Kadri (1964 als Sohn einer Finnin und eines aus Pakistan zugewanderten Muslims in London geboren) nahm sich für dieses Buch eine längere Auszeit, nicht nur zum Lesen all der Quellen, die in einem solchen Fall herangezogen werden müssen, sondern er bereiste auch fünf Monate lang Länder, in denen die Scharia eine Rolle gespielt hat oder noch immer spielt. Diese Reise führte ihn von Pakistan über den Iran, Syrien, die Türkei, Saudiarabien bis nach Ägypten, was viele Begegnungen mit sich brachte, bei denen auch die diversen Observanzformen der Scharia zur Sprache kamen. Dass dabei auch der Witz nicht zu kurz kommt, ist dem Schriftsteller Kadri zu verdanken, während die Gründlichkeit der Recherche wohl eher auf das Konto des Juristen Kadri geht.

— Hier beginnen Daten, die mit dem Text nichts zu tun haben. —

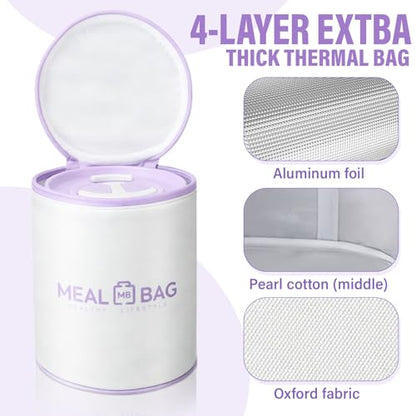Dandat 2 Pcs Portable Insulated Lunch Containers Thermal Bento Box with Bag Fork Knife Stainless Steel Lunch Box 15.2 oz 21 oz Separate Stackable Food Jar for Adult Men Women(Purple) - color: Purple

Scharia (das Wort bedeutete ursprünglich „Weg zur Wasserquelle“, aber auch „den Weg weisen“) basiert auf dem Koran. Weil aber im Koran nur einige der menschlichen Vergehen dezidiert behandelt werden, wurde zur Erstellung des islamischen Rechts auch die Sunna herangezogen, eine Sammlung von Aussprüchen (Hadith) aus dem Mund des Propheten oder der ersten Generation der Salafis (der Rechtgeleiteten) aus seiner unmittelbaren Umgebung. Da die Vorbehalte gegen die Verschriftlichung zu jener Zeit nicht nur bei Nomaden groß waren (nach altarabischer Überzeugung sollte jede Weisheit, die man sich zu eigen machen will, auswendig gelernt werden), existierte selbst der Koran eine Zeit lang vor allem als mündliche Überlieferung. Der erste Kalif, Abu Bakr, bestand schließlich darauf, ein Buch daraus zu machen, hatten doch Zoroastrier, Juden und Christen schon längst das jeweils ihre. Und so brachte er einen Mann aus Mohammeds Umfeld dazu, „Gottes Stimme auf etwas Schriftliches zu reduzieren“. Laut dem großen Hadith-Gelehrten al-Bukhari (der 200 Jahre später lebte) „wurde der Koran aus Notaten auf Pergament, Schulterblättern, Blattstielen von Dattelpalmen und der Erinnerung der Menschen zusammengestellt“.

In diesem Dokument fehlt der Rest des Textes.